Obrigado a todas as pessoas pela escuta dessa minha reflexão sobre sociologia e memorialismo. Possibilidades e limites recíprocos e assimétricos entre existência social e linguagem. Esse entre-lugar possível para o indivíduo e para a sociedade. E também, bastante improvável.
Referências
ANDRADE, Mário de. (1978). O movimento modernista. Aspectos da literatura brasileira. São Paulo: Livraria Martins Editora, p. 231-255.
ARCHER, Margaret. (1996). Culture and Agency: The Place of Culture in Social Theory. Cambridge: Cambridge University Press.
ARRIGUCCI JR., Davi. (2001). Enigma e comentário: ensaios sobre literatura e experiência. São Paulo: Companhia das Letras.
BASTOS, Elide Rugai. (2006). As criaturas de Prometeu: Gilberto Freyre e a formação da sociedade brasileira. São Paulo: Global.
CANDIDO, Antonio. (1989). Poesia e ficção na autobiografia. A educação pela noite & outros ensaios. São Paulo: Ática, p.51-41.
COHN, Gabriel. (1999). Individualidade e cidadania num mundo dividido. Perspectivas, n. 22, p. 31-38.

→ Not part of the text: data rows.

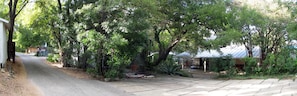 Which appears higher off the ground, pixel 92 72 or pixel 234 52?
pixel 234 52

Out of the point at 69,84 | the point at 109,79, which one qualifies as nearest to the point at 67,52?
the point at 109,79

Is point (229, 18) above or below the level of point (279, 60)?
above

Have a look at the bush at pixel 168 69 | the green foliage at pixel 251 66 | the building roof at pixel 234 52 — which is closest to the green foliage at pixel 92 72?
the bush at pixel 168 69

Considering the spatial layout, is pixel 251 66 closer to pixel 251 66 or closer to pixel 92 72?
pixel 251 66

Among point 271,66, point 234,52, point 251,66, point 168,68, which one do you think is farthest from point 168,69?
point 234,52

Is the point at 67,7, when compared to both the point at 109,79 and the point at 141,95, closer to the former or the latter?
the point at 109,79

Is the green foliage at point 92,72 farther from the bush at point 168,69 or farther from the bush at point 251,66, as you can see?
the bush at point 251,66

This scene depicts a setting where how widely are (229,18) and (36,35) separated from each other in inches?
639

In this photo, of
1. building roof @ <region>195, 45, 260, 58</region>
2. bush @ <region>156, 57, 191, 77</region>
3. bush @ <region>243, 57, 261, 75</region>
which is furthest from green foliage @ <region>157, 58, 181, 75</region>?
building roof @ <region>195, 45, 260, 58</region>

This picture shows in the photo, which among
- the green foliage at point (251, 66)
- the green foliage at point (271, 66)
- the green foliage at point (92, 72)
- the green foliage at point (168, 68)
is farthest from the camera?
the green foliage at point (168, 68)

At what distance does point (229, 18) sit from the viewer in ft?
67.6

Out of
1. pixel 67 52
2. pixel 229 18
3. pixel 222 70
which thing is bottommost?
pixel 222 70

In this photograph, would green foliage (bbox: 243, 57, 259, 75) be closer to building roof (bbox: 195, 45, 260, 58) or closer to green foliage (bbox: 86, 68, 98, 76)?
building roof (bbox: 195, 45, 260, 58)

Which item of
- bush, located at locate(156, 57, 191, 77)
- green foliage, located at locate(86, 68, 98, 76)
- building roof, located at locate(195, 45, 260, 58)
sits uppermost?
building roof, located at locate(195, 45, 260, 58) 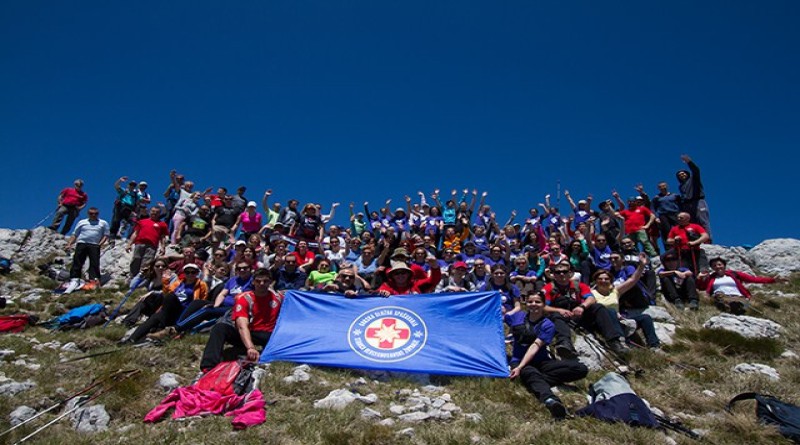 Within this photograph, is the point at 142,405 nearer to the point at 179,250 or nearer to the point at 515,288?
the point at 515,288

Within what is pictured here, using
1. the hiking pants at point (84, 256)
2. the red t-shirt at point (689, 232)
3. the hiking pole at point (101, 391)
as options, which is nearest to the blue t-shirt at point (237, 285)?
the hiking pole at point (101, 391)

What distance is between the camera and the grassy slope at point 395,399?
16.9 feet

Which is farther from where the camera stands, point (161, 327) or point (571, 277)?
point (571, 277)

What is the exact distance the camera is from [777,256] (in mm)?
18500

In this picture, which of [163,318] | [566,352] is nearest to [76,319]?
[163,318]

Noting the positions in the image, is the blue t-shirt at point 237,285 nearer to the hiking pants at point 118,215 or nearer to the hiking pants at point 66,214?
the hiking pants at point 118,215

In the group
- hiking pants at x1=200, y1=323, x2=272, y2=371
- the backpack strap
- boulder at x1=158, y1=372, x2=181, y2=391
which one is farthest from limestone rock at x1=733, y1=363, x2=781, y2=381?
boulder at x1=158, y1=372, x2=181, y2=391

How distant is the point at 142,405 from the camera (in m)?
6.02

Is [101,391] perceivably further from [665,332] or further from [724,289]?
[724,289]

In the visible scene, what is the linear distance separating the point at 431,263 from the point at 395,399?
5516 mm

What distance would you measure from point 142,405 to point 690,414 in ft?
25.9

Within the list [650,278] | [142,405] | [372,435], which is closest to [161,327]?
[142,405]

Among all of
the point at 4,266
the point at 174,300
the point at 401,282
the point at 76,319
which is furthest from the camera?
the point at 4,266

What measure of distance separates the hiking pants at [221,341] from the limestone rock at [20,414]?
7.16 ft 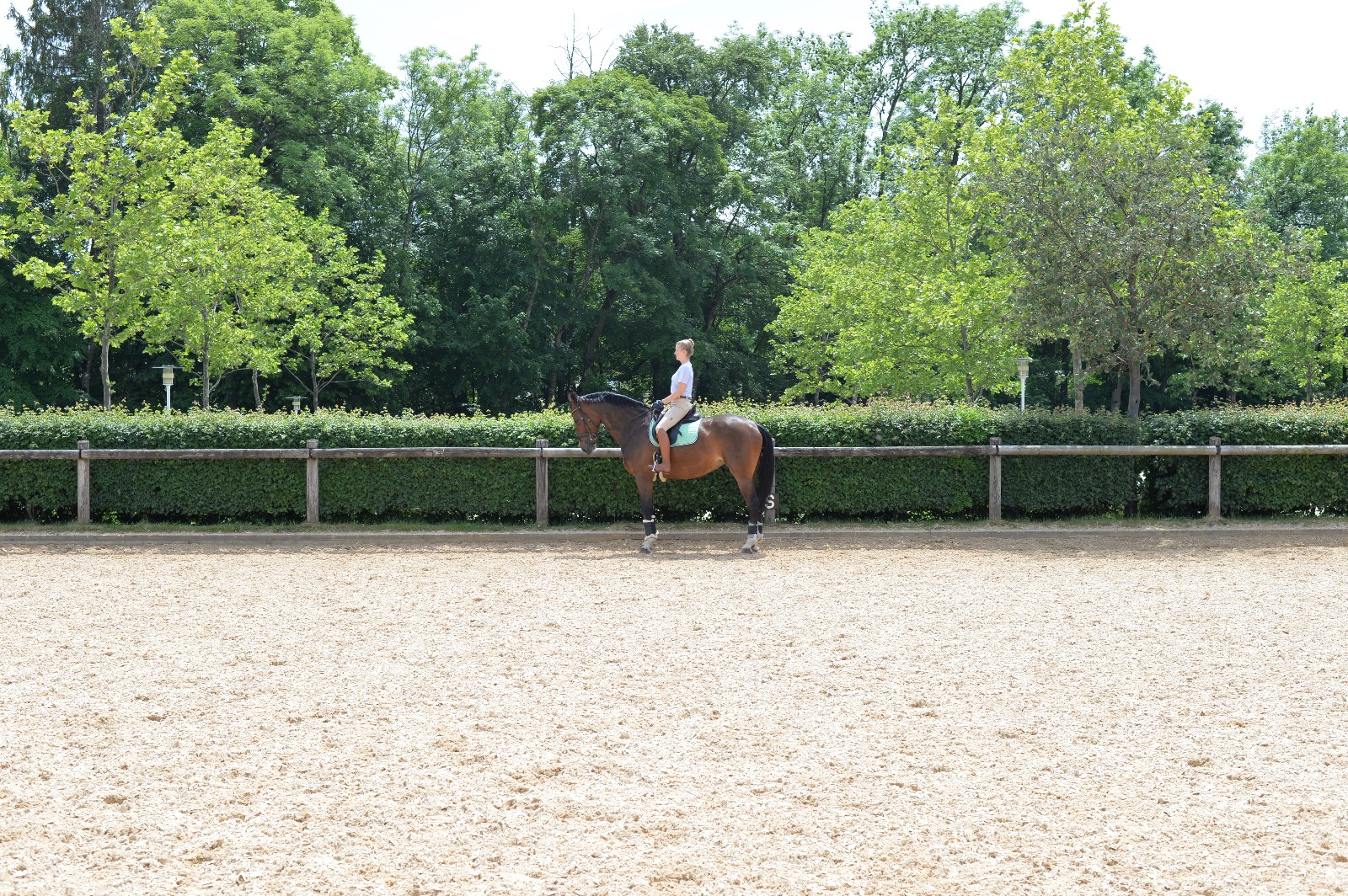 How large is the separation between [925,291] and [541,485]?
15.1 metres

GIDDENS, Anthony. (2003). A constituição da sociedade. São Paulo: Martins Fontes.
MARTUCCELLI, Danilo. (2019). Variantes del individualismo. Estudios Sociológicos, v. 37, n. 109, p. 7-37.
SIMMEL, Georg. (2006). Questões fundamentais da sociologia: indivíduo e sociedade. Rio de Janeiro, Jorge Zahar.
SIMMEL, Georg. (1988). La tragédie de la culture. Paris: Petite Bibliotèque Rivages.